アン・マリー・ウォーターズが投稿したメッセージ動画はこちらから。

モリッシーは昨年、「フォー・ブリテン」党を支持する理由に言及して、保守党と労働党による政権争いの繰り返しにウンザリしているためだと語っている。一方で、人種差別主義者だとする批判は強く否定している。

「僕は今、アン・マリー・ウォーターズが率いる『フォー・ブリテン』という新党を支持しているんだ」とモリッシーは語っている。「どこかの政党に投票するのは僕の人生で初めてのことだよ。僕もようやく希望が持てたんだ。与党が保守党から労働党になって、また保守党に変わって、労働党に戻るっていうのを繰り返すのは、無意味だと思っているんだよ」

「フォー・ブリテンはいかなるメディアの支援も受けていないし、よくある子供みたいな人種差別主義者呼ばわりの批判をされてきた。だけど、人種差別主義者という言葉は、『私に同意しないならあなたは人種差別主義者です』っていうこと以外にはもはや意味のない言葉だと思っているんだ。人々はこんなにもすっかりバカになってしまうんだよ」

モリッシーは続けて、政治的な領域にも言論の自由がもっと必要だとしている。「他の政党が多様な意見を容認していない一方で、アン・マリー・ウォーターズは現在のイギリスのあらゆる側面についてオープンに議論できることを目指しているんだ。彼女はサッチャーに人間味を持たせたような人なんだよ……もしもそういう表現があるならだけどね。彼女には絶対のリーダーシップがあるし、台本を片手に演説することもない。彼女はイギリスの品位や言論の自由を信じていて、UKの国民全員が同じ法律の下で暮らせることを願っているんだ」

「メディアがアン・マリー・ウォーターズを望んでいないことも、彼女の面を汚したいと思っていることも分かっているよ。だけど、彼らは間違っているし、彼女にはチャンスを与えるべきなのであって、オープンな議論を望んでいる人たちを人種差別主義者と批判することを止める必要があるんだよ。さっきも言ったように、この国は左翼が右翼になって、右翼が左翼になってっていう完全な入れ替わりを繰り返しているわけで、これは今のイギリスがいかに惨めなものかを示しているよね」

一方、モリッシーは「フォー・ブリテン」を支持するバッジを付けていたことでツイッターで批判にさらされている。

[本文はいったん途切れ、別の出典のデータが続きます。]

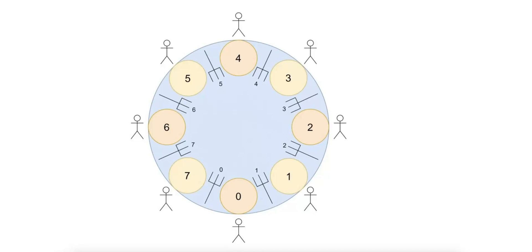To manage or prevent deadlocks, systems must follow strategies that either avoid or detect such scenarios. However, understanding how deadlock arises first requires understanding the conditions that must be met for deadlock to occur.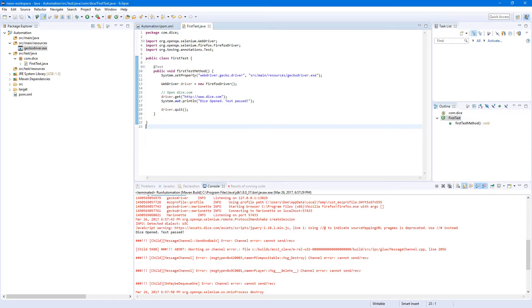In this video I will show you how to install the Eclipse TestNG plugin, create our first TestNG test suite, and run our tests using that test suite.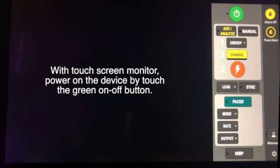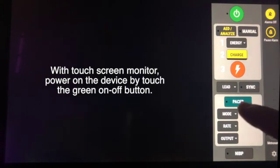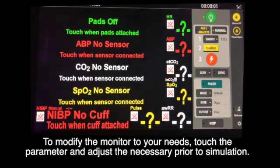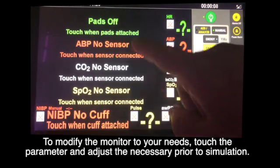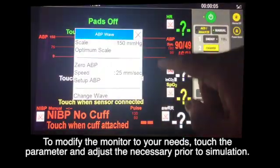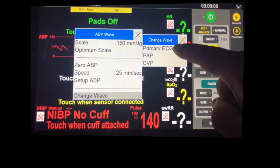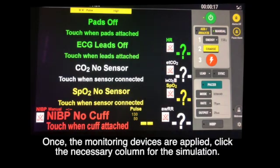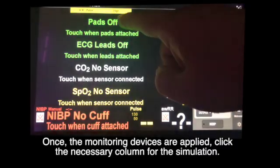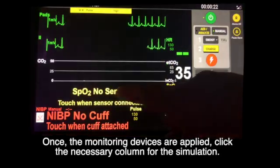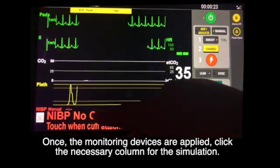With the touch screen monitor, power on the device by touching the green on/off button. To modify the monitor to your needs, touch the parameters and adjust the necessary settings prior to the simulation. Once the monitoring device is applied, click the necessary column to activate it for the simulation.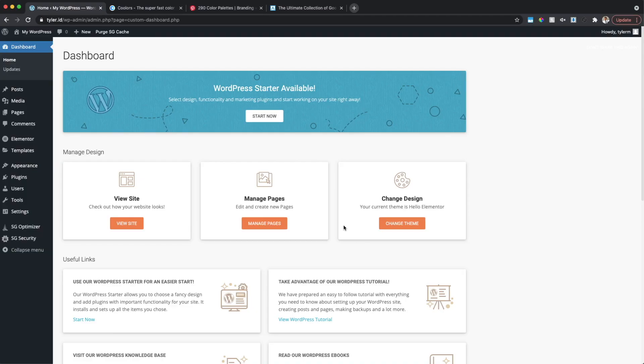Welcome again to the back end of our WordPress website. I've gone ahead and installed Elementor — I did that in the previous video. If you're interested in checking that out, click on the card up top right now. It will go over installing Elementor, Elementor Pro, and the Hello theme.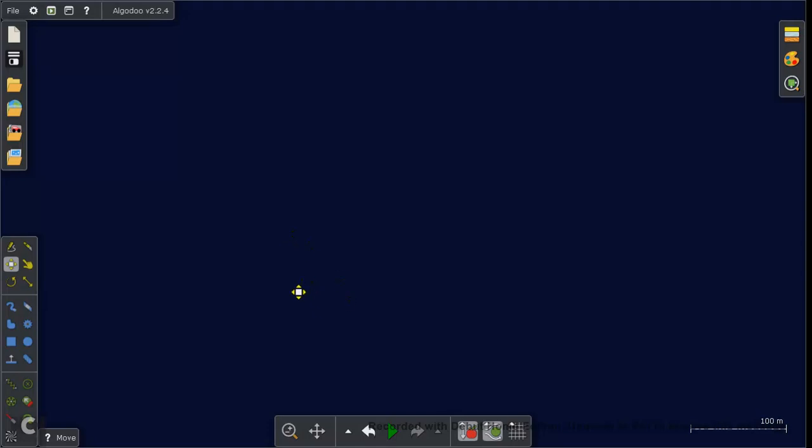Hello guys, and in today's video I am going to make my own solar system in Algodoo of course.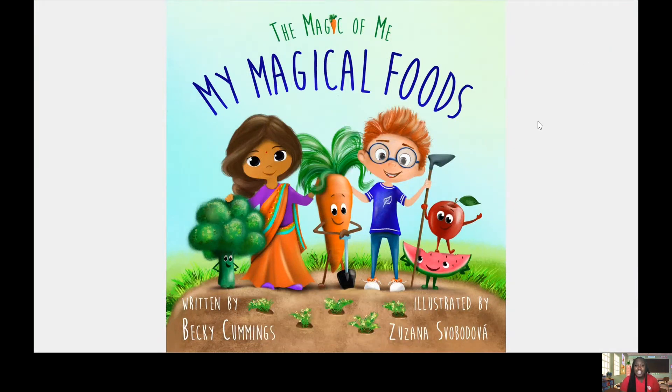Again, the title of this story is called The Magic of Me, My Magical Foods.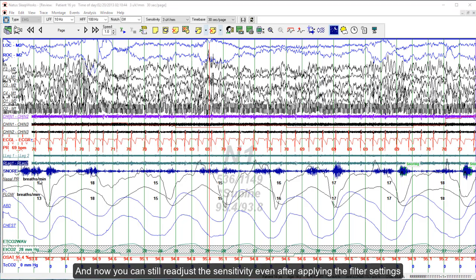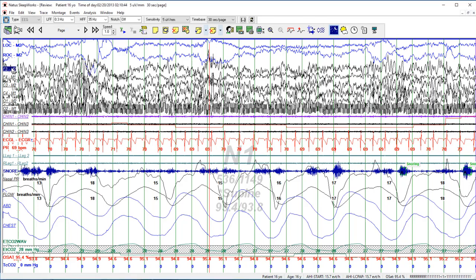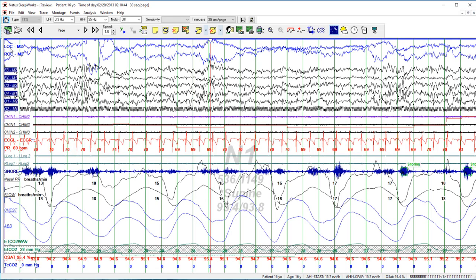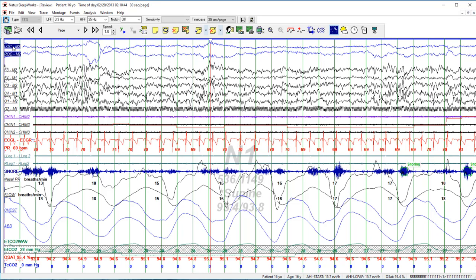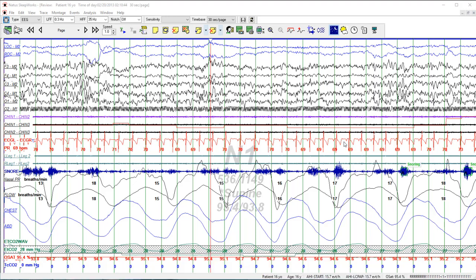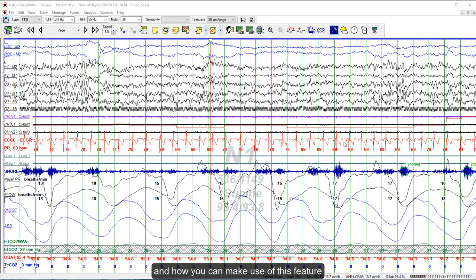You can still readjust the sensitivity after applying the filter settings. Next, I'm going to show you how to create a split screen or two views in the Sleepworks software, and how you can make use of this feature.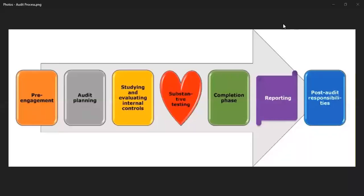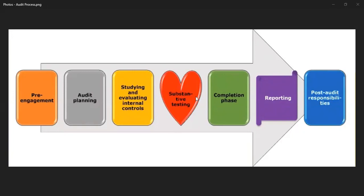We are now in day number 4 of ACC 140 and the title of the module is Risk Response. I will show you the photo to remind you that we are in this part of the yellow box and the red heart. We are in the portion of the module that covers substantive tests, including the green box and the population phase. That is the scope of day number 4.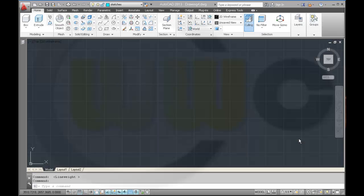Hi, welcome to another remake. This time it's an AutoCAD tutorial.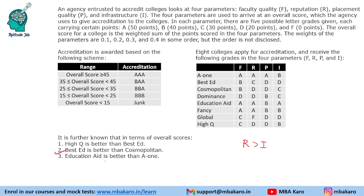The third condition says Education Aid is better than A1. Comparing these two colleges, in parameters F and I they have the same grades, while in R and P they have grades B and A versus A and B respectively. Since A is better than B, the parameter with A should have higher weight — meaning I should have higher weight than P. So I > P.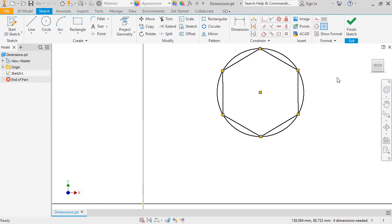As you saw in the previous lesson, Inventor lets you input values to create dimensions as you sketch, but this isn't the only way to add them. To show you what I mean, I'll dimension the circle and polygon sketch here using the dimension tool.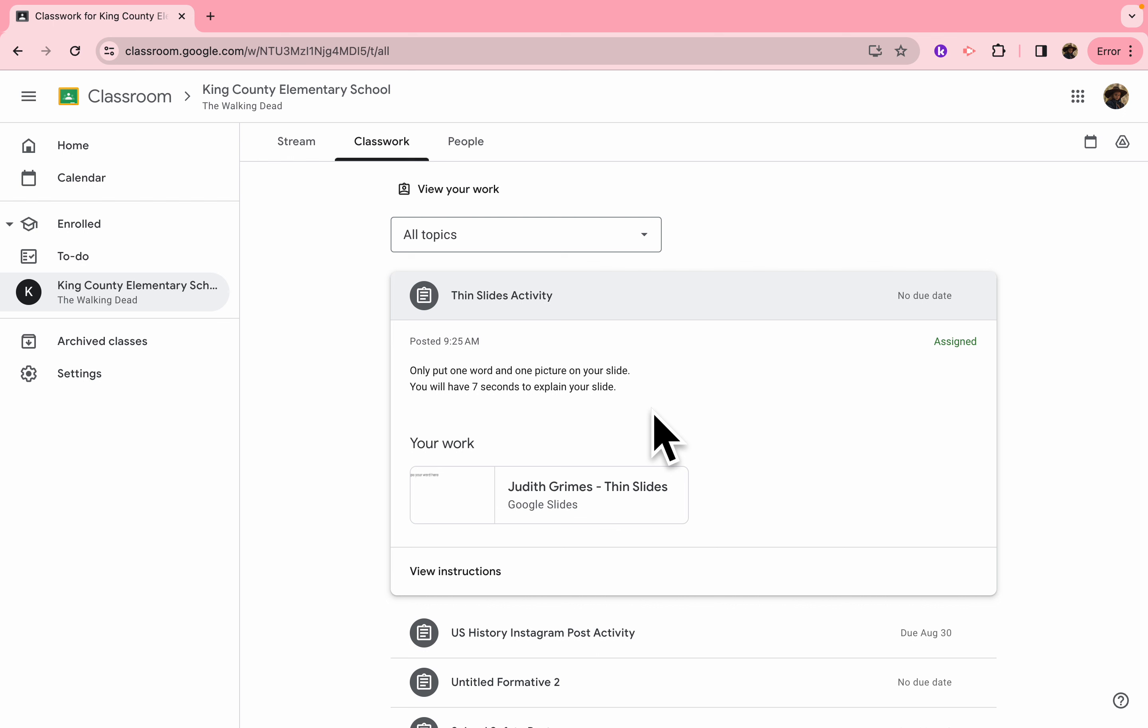For example, if your teacher gives you the topic of my favorite food, you'd put one word and one picture about your favorite food, and then that word and picture, when it's your turn to present, will help you remember what you want to say about your favorite food, or whatever that topic is.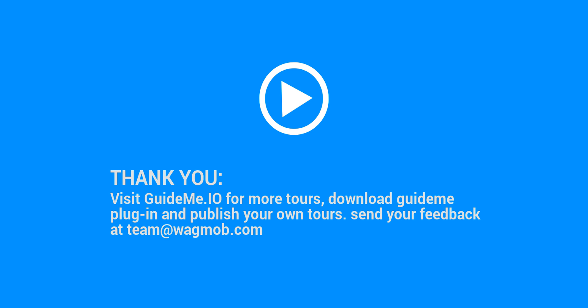Thank you for watching GuideMeTour. Visit guideme.io for more tours, download GuideMePlugin and publish your own tours. Send your feedback at team at wagmob.com.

「かつての友人が『フォー・ブリテン』党のバッジを付けていたんだ。この政党は徹底的にイスラム教徒に反対する姿勢を取っていて、元イギリス国民党やイングランド防衛同盟の人々で溢れてて、民営化を支持し、極右で、悲劇を利用して分断させるような反移民のレトリックをオンラインで広めているような団体だよ」とジャーナリストのデイヴ・ハスラムはモリッシーの写真と共にツイートしている。「(ザ・スミスの“I Know It’s Over”で歌われている)『優しく親切でいるには勇気がいる』と言っていた男に何が起きたんだ?」

モリッシーは5月24日に新たなカヴァー・アルバム『カリフォルニア・サン』をリリースする予定となっている。